#### EXERCISE DETAILS:
For the entries below, work out how many lines contain the string "cloth" and write only the number.

#### SUPPLIED MATERIAL:
>>>
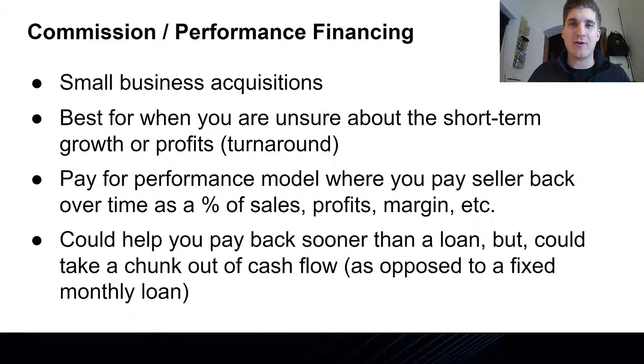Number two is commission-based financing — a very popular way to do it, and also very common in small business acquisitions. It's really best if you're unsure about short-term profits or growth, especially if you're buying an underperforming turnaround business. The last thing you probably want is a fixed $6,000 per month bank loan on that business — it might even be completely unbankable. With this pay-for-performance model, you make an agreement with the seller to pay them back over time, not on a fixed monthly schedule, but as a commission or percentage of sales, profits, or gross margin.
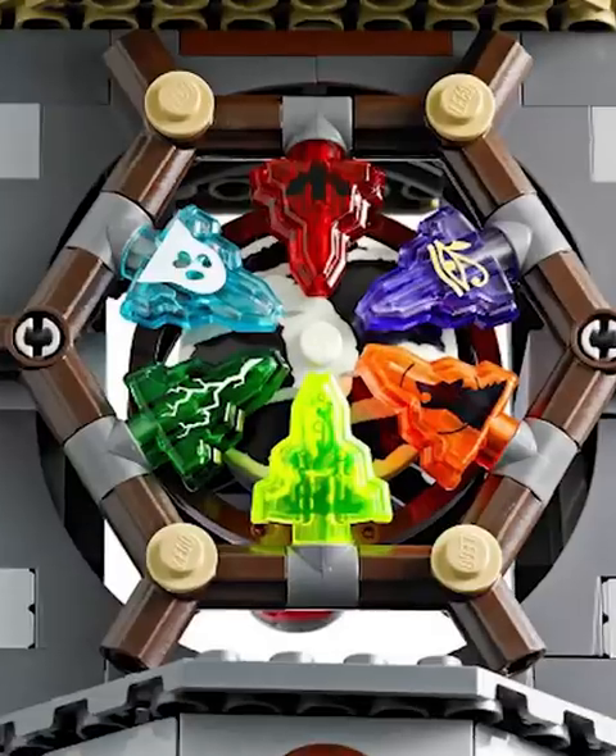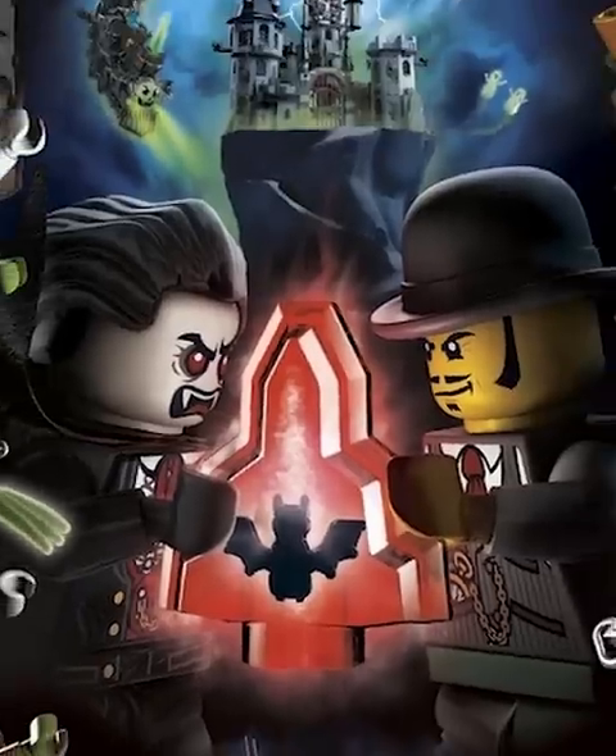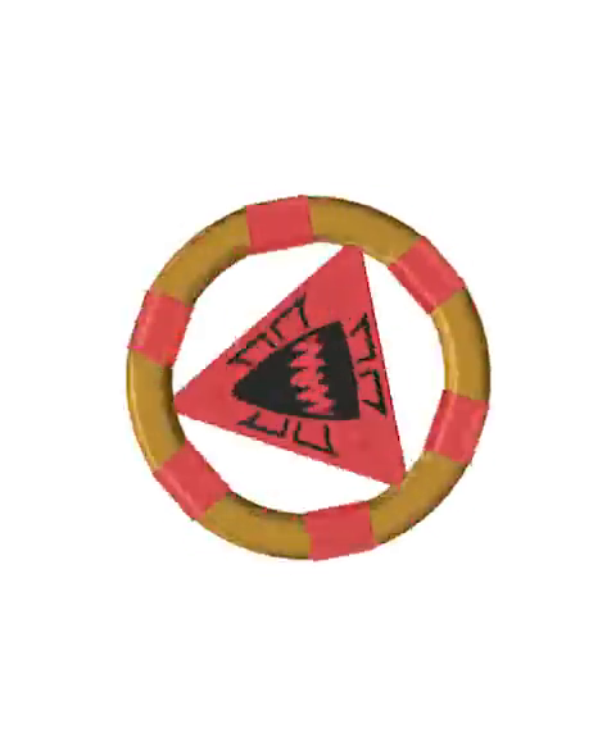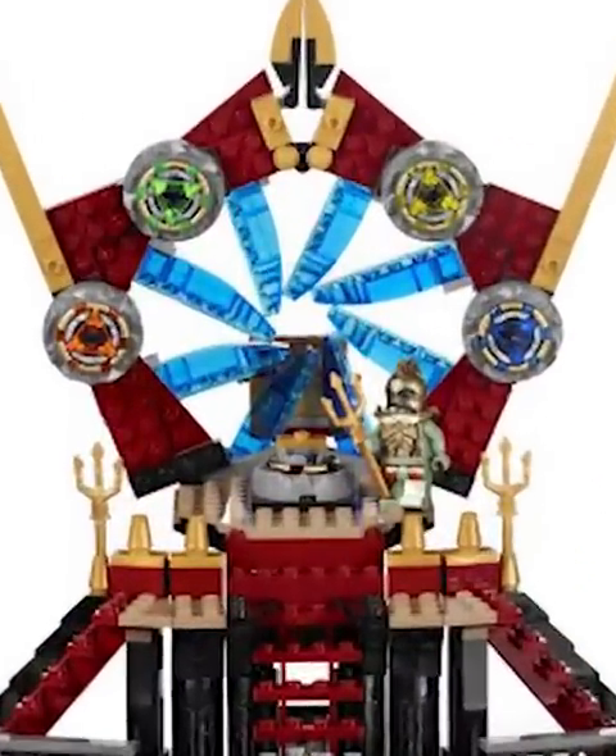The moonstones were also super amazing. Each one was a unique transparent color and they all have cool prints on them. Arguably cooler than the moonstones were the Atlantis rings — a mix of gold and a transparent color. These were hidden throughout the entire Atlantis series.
<<<
>>>
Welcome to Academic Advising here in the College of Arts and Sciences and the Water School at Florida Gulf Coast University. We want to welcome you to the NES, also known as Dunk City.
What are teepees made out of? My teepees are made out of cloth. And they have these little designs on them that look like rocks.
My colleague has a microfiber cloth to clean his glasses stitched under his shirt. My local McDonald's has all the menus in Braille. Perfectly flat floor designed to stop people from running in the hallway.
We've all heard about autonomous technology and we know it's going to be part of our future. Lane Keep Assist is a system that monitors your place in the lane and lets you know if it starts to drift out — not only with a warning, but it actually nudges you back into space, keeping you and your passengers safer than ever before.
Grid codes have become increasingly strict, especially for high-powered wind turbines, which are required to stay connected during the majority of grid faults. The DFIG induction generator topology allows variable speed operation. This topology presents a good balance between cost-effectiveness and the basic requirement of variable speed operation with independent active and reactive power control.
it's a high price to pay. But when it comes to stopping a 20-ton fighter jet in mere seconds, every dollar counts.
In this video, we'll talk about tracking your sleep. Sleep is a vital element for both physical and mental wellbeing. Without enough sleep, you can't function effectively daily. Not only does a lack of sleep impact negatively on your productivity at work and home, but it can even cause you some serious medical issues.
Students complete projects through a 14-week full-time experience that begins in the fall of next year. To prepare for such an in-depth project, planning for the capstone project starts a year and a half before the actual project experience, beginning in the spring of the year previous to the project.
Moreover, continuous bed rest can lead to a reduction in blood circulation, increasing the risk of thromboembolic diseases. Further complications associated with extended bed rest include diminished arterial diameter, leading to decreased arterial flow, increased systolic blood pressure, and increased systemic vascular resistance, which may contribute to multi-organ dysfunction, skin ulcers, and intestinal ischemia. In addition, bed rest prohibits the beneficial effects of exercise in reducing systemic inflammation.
<<<
#### RESULT:
2